▸ **DATA SHOWN**:

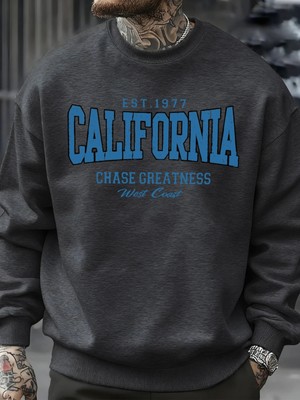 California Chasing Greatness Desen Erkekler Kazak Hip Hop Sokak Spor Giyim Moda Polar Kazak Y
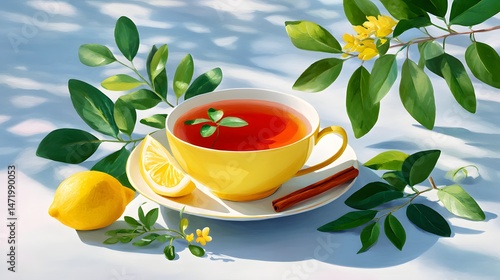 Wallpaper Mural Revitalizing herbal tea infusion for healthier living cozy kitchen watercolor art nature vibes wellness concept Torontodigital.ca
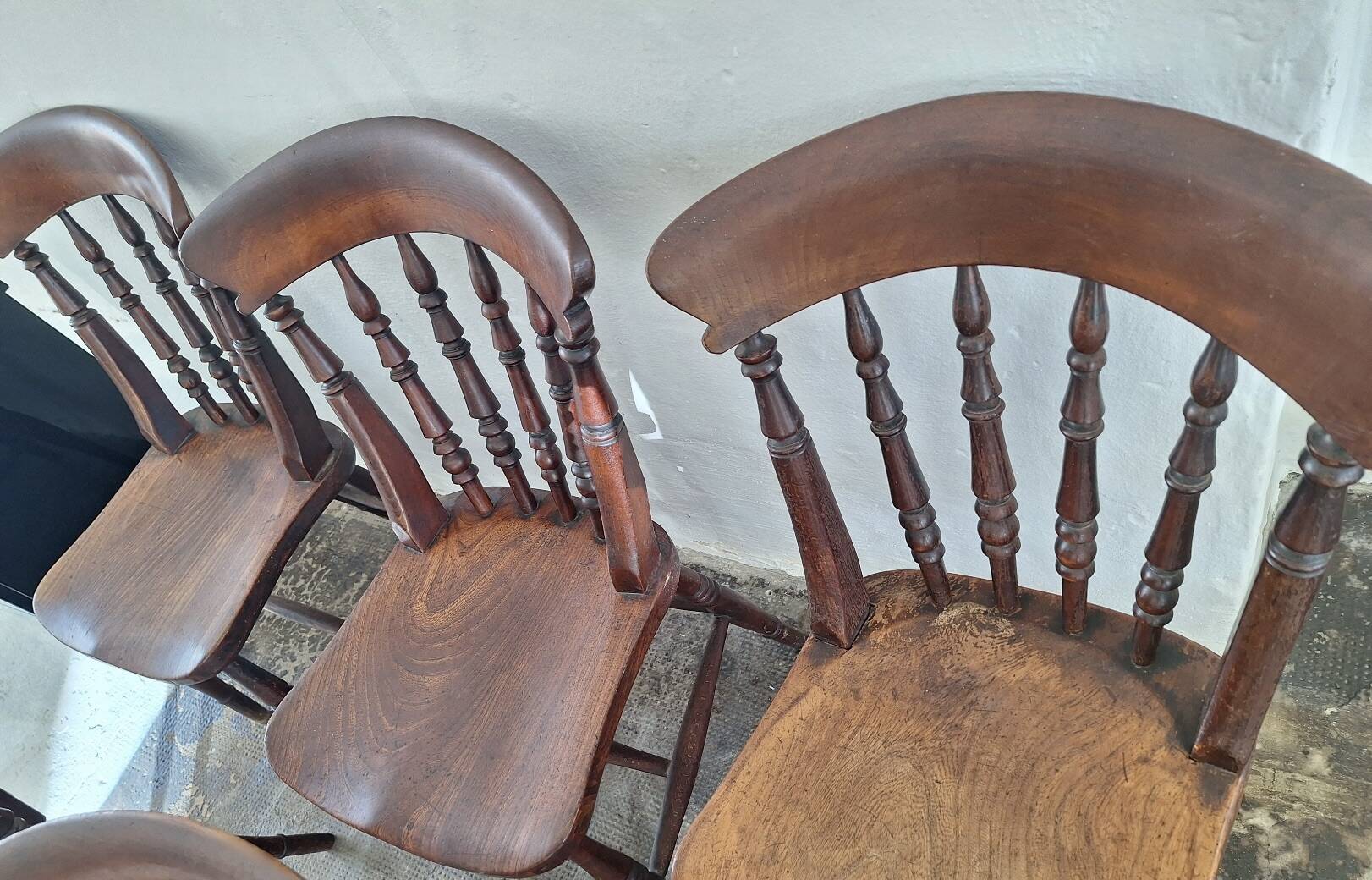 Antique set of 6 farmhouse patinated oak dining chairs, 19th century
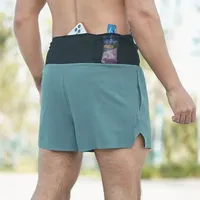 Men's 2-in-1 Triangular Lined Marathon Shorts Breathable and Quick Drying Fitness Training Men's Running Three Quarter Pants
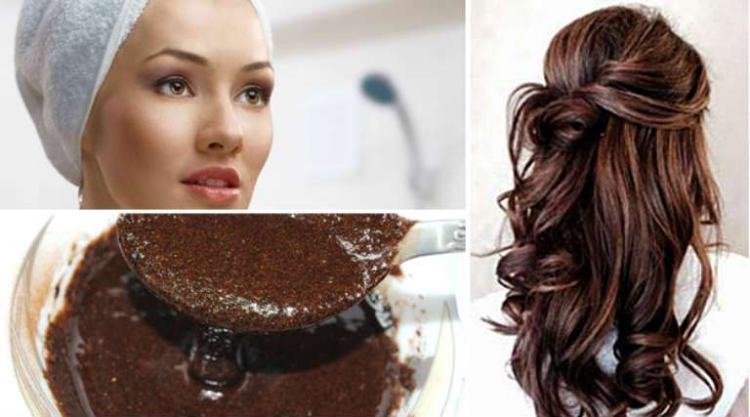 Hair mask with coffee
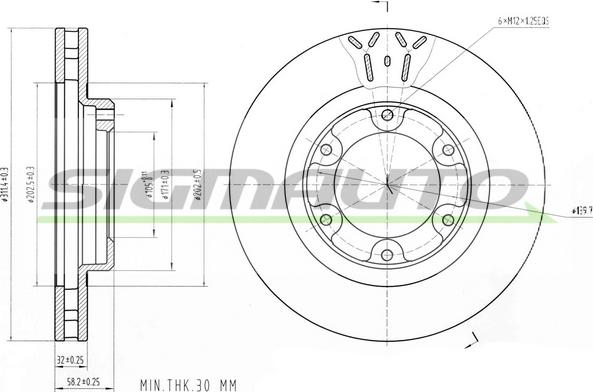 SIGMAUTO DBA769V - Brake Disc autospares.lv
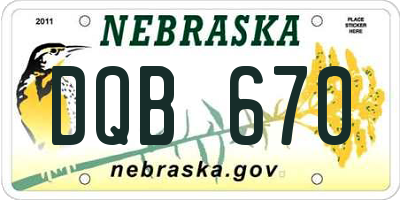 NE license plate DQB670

▸ **THE TASK**:
Skip the pictures and restate exactly the lines from the beginning of the listing to the line with "Antique set of", that line included.

▸ **RESULT FOR THIS TASK**:
 California Chasing Greatness Desen Erkekler Kazak Hip Hop Sokak Spor Giyim Moda Polar Kazak Y
 Wallpaper Mural Revitalizing herbal tea infusion for healthier living cozy kitchen watercolor art nature vibes wellness concept Torontodigital.ca
 Antique set of 6 farmhouse patinated oak dining chairs, 19th century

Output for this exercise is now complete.